When the international army eventually relieved the Beijing legations and captured the city, the majority of the foreigners indulged in an orgy of looting. But that was not the worst. A British officer described how “Every Chinaman . . . was treated as a Boxer by the Russian and French troops and the slaughter of men women and children . . . was revolting.” The French commander, General Henri Frey, when challenged about “the frequent occurrence of disgraceful outrages upon women” by his men, responded dismissively: “It is impossible to restrain the gallantry of the French soldier.”

In February 1904, without any declaration of war Japan attacked Russia in a dispute over their competing ambitions in Korea and Chinese Manchuria. In the fighting that followed, the Japanese navy, with its modern guns, torpedoes, and mines, first destroyed the Russian Far East Fleet and then at Tsushima—the greatest sea battle since Trafalgar in 1805—the Russian Baltic Fleet, which had sailed halfway around the world to its doom. Early in its voyage to the Far East, the Baltic Fleet had at the Dogger Bank in the North Sea fired on British trawlers, sinking one of them and killing two fishermen under the fanciful impression that the Japanese were confronting them. The incident produced a major crisis with Britain, only resolved when the two countries put the dispute to arbitration in The Hague. On land, in fighting that saw the first extensive use of barbed wire to defend positions, the Japanese defeated the Russians and captured Port Arthur in Manchuria—Russia’s prized and recently occupied only eastern warm-water port. Captured Russian soldiers suffered greatly at Japanese hands.

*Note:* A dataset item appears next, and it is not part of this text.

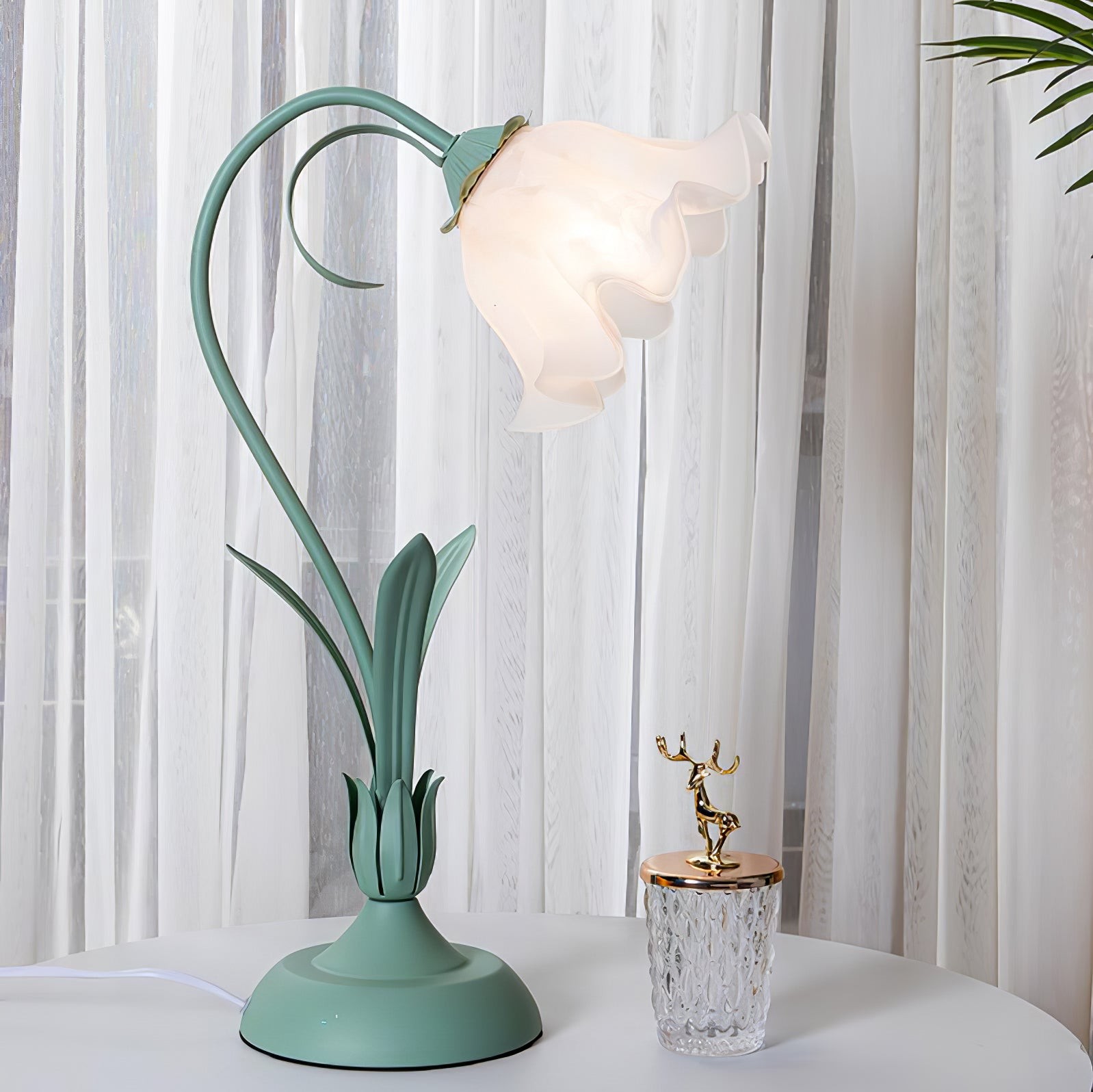 Vintage Adjustable Flower Table Lamp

In July 1905 U.S. president Theodore Roosevelt offered to mediate between the Russians and the Japanese, both of whom were nearly exhausted militarily and economically. At a meeting under his chairmanship at Portsmouth, New Hampshire, they agreed to a peace treaty. Soon afterward the United States also played a leading role in persuading the kaiser to agree to a peace conference to resolve a crisis between Germany and France over Morocco. In 1906 Roosevelt, the advocate of speaking softly but carrying a big stick, was awarded the fifth Nobel Peace Prize.

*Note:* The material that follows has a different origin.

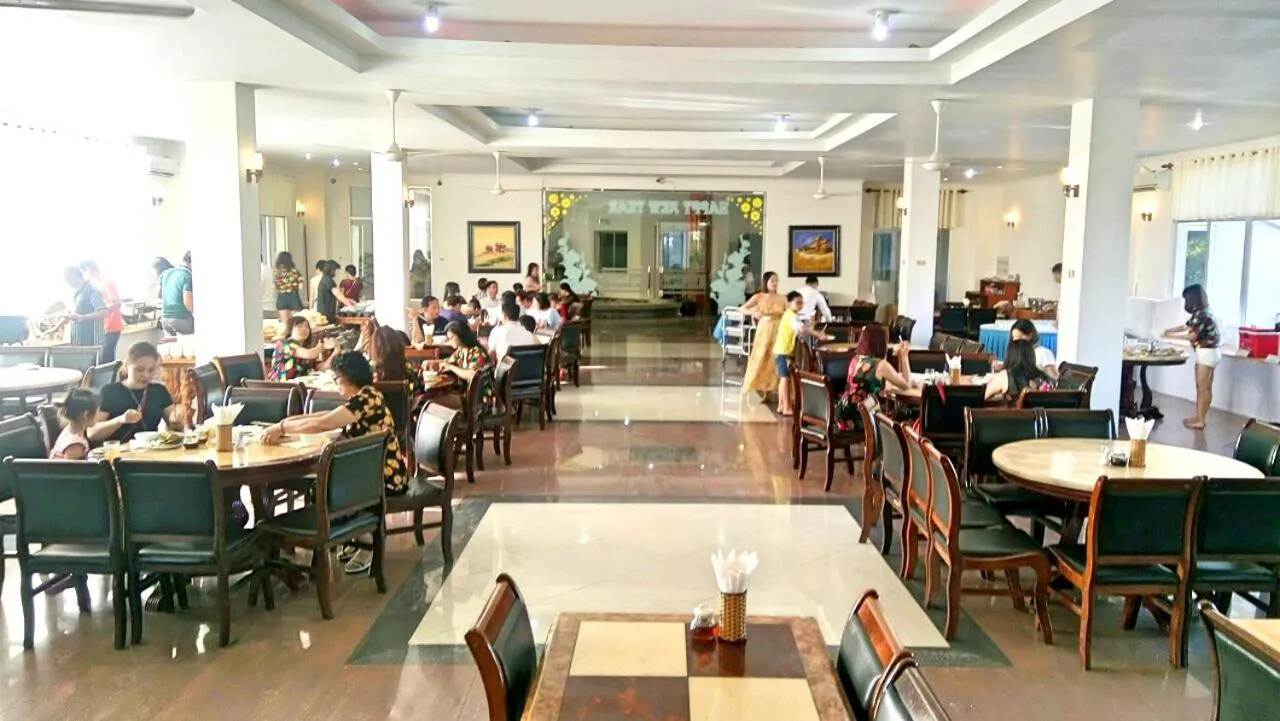 Breakfast in Long Beach Hotel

Although his inventions had produced major advances in weapons technology, Alfred Nobel had been an advocate of arbitration and deeply interested in the peace movement. (The peace activist Bertha von Suttner had briefly been his secretary.) On his death in 1896 he left most of his fortune to establish five prizes to be awarded irrespective of nationality or sex for eminence in physics, chemistry, medicine, literature, and peace promotion. The first peace prize in 1901 had gone to Henry Dunant, the founder of the Red Cross, rehabilitating his reputation.